Consistent Risk Estimation in Moderately High-Dimensional Linear Regression

Risk estimation is at the core of many learning systems. The importance of this problem has motivated researchers to propose different schemes, such as cross validation, generalized cross validation, and Bootstrap. The theoretical properties of such estimates have been extensively studied in the low-dimensional settings, where the number of predictors $p$ is much smaller than the number of observations $n$. However, a unifying methodology accompanied with a rigorous theory is lacking in high-dimensional settings.

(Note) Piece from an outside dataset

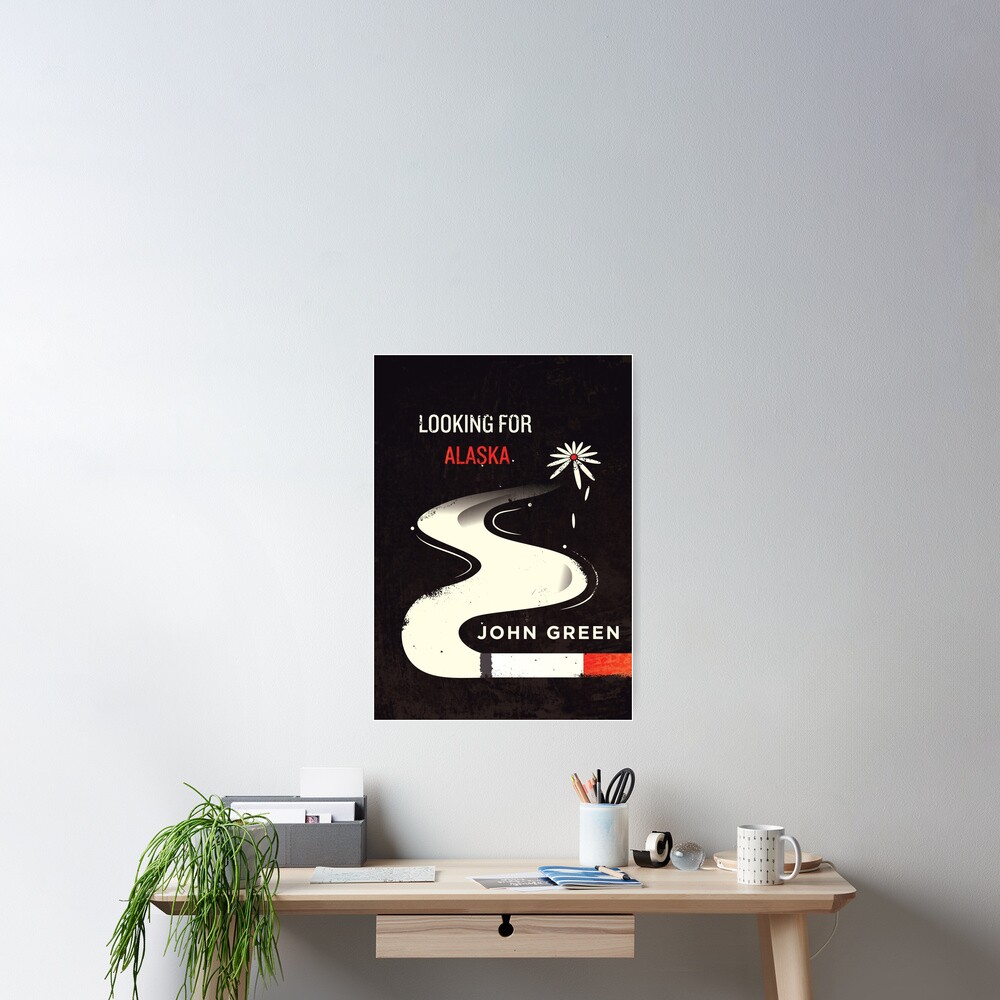 Looking for Alaska Poster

This paper studies the problem of risk estimation under the moderately high-dimensional asymptotic setting $n,p \rightarrow \infty$ and $n/p \rightarrow \delta>1$ ($\delta$ is a fixed number), and proves the consistency of three risk estimates that have been successful in numerical studies, i.e., leave-one-out cross validation (LOOCV), approximate leave-one-out (ALO), and approximate message passing (AMP)-based techniques. A corner stone of our analysis is a bound that we obtain on the discrepancy of the `residuals' obtained from AMP and LOOCV. This connection not only enables us to obtain a more refined information on the estimates of AMP, ALO, and LOOCV, but also offers an upper bound on the convergence rate of each estimate.

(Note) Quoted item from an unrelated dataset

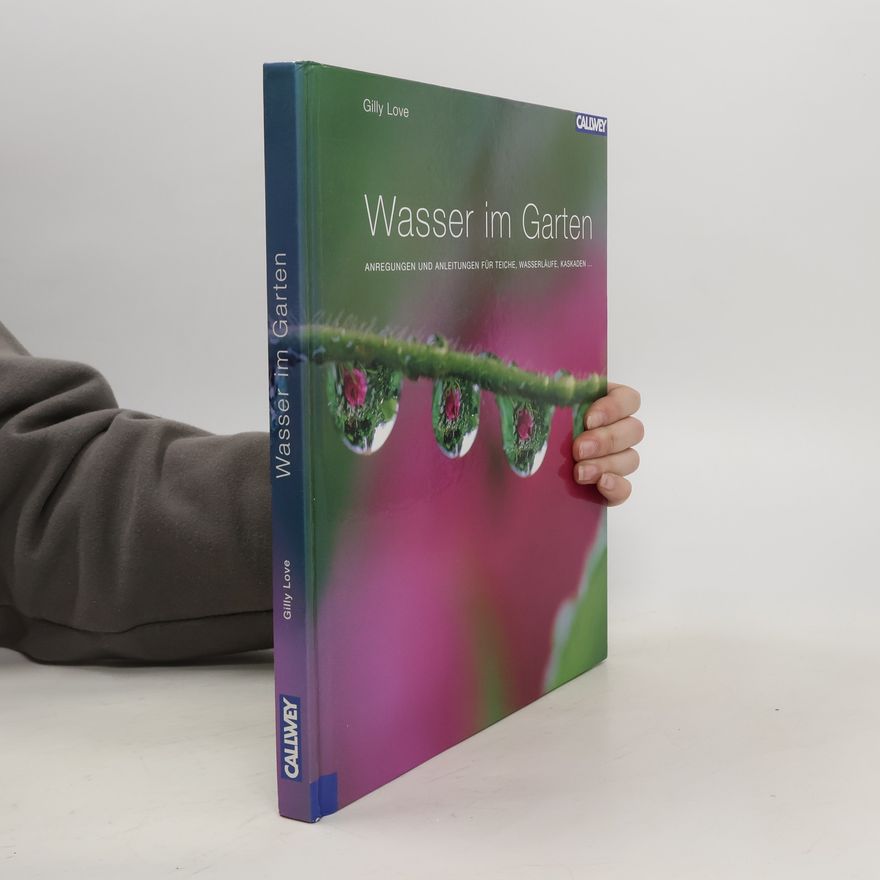 Gilly Love Wasser im Garten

翻译：这一问题的重要性促使研究人员提出不同的计划,如交叉验证、普遍交叉验证和诱杀装置。这种估算的理论性质已经在低维环境中进行了广泛研究,在低维环境中,预测者美元的数量远远少于观测数量。然而,在高维环境中,缺乏一种带有严格理论的统一方法。本文研究了中度高度无空间设置下的风险估算问题,即,p\rightrow\infty$和$n/p\rightrow\delta>1美元(美元=delta$是一个固定数字),并证明了在数字研究中成功的三种风险估算的一致性,即,请假一次性交叉验证(LOOCV),近似假一出(ALO),以及近似信息传递(AMP)技术。我们分析的角落石石是我们从AMP和LOOC的“redialals”获得的“residalals”差异的束缚,但LOV估计数的上限也使我们无法在AMP和LOV的更新后获得。